TASK PROMPT :: Using the listing below, copy exactly the lines from the one containing "at PristineAuction.com Jim" to the one containing "Demeure de caractère", both lines included, and no others.

DATA ::
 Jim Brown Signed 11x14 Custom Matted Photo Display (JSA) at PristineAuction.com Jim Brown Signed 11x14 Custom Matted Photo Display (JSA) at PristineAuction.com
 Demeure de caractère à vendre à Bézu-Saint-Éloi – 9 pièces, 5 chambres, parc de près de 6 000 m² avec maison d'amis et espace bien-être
---
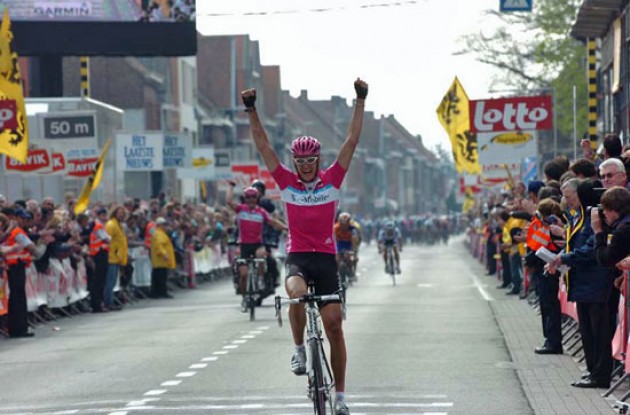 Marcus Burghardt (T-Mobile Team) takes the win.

TASK SOLUTION ::
 Jim Brown Signed 11x14 Custom Matted Photo Display (JSA) at PristineAuction.com Jim Brown Signed 11x14 Custom Matted Photo Display (JSA) at PristineAuction.com
 Demeure de caractère à vendre à Bézu-Saint-Éloi – 9 pièces, 5 chambres, parc de près de 6 000 m² avec maison d'amis et espace bien-être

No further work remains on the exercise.